--- START ---
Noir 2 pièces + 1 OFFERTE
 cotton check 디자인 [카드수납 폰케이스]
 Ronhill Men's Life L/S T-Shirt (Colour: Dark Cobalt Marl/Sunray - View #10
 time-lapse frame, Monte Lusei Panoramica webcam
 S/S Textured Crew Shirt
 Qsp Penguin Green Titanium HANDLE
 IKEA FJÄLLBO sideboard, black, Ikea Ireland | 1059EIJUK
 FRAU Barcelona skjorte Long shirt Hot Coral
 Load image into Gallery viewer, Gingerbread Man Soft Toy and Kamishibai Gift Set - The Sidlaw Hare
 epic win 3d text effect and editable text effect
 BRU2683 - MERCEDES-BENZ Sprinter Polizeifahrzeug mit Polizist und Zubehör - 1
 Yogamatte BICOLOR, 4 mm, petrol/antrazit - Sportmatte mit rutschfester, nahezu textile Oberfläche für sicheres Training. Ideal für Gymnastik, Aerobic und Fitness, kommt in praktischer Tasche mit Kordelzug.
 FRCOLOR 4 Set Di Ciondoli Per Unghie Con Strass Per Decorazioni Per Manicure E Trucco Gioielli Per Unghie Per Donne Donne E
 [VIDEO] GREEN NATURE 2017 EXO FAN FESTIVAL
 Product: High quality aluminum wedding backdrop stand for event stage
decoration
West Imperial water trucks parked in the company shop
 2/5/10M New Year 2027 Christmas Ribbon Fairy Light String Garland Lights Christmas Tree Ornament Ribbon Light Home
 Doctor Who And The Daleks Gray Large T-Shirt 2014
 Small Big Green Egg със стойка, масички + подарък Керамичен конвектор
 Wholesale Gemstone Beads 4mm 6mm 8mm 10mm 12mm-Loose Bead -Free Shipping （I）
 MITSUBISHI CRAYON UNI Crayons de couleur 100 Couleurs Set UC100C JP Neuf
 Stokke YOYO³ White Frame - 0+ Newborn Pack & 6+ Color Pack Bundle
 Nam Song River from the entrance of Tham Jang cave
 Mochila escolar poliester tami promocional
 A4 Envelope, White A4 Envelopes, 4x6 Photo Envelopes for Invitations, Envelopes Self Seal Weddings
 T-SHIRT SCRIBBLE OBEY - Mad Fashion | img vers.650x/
--- END ---
What is needed here is the full listing, restated word for word.

Noir 2 pièces + 1 OFFERTE
 cotton check 디자인 [카드수납 폰케이스]
 Ronhill Men's Life L/S T-Shirt (Colour: Dark Cobalt Marl/Sunray - View #10
 time-lapse frame, Monte Lusei Panoramica webcam
 S/S Textured Crew Shirt
 Qsp Penguin Green Titanium HANDLE
 IKEA FJÄLLBO sideboard, black, Ikea Ireland | 1059EIJUK
 FRAU Barcelona skjorte Long shirt Hot Coral
 Load image into Gallery viewer, Gingerbread Man Soft Toy and Kamishibai Gift Set - The Sidlaw Hare
 epic win 3d text effect and editable text effect
 BRU2683 - MERCEDES-BENZ Sprinter Polizeifahrzeug mit Polizist und Zubehör - 1
 Yogamatte BICOLOR, 4 mm, petrol/antrazit - Sportmatte mit rutschfester, nahezu textile Oberfläche für sicheres Training. Ideal für Gymnastik, Aerobic und Fitness, kommt in praktischer Tasche mit Kordelzug.
 FRCOLOR 4 Set Di Ciondoli Per Unghie Con Strass Per Decorazioni Per Manicure E Trucco Gioielli Per Unghie Per Donne Donne E
 [VIDEO] GREEN NATURE 2017 EXO FAN FESTIVAL
 Product: High quality aluminum wedding backdrop stand for event stage
decoration
West Imperial water trucks parked in the company shop
 2/5/10M New Year 2027 Christmas Ribbon Fairy Light String Garland Lights Christmas Tree Ornament Ribbon Light Home
 Doctor Who And The Daleks Gray Large T-Shirt 2014
 Small Big Green Egg със стойка, масички + подарък Керамичен конвектор
 Wholesale Gemstone Beads 4mm 6mm 8mm 10mm 12mm-Loose Bead -Free Shipping （I）
 MITSUBISHI CRAYON UNI Crayons de couleur 100 Couleurs Set UC100C JP Neuf
 Stokke YOYO³ White Frame - 0+ Newborn Pack & 6+ Color Pack Bundle
 Nam Song River from the entrance of Tham Jang cave
 Mochila escolar poliester tami promocional
 A4 Envelope, White A4 Envelopes, 4x6 Photo Envelopes for Invitations, Envelopes Self Seal Weddings
 T-SHIRT SCRIBBLE OBEY - Mad Fashion | img vers.650x/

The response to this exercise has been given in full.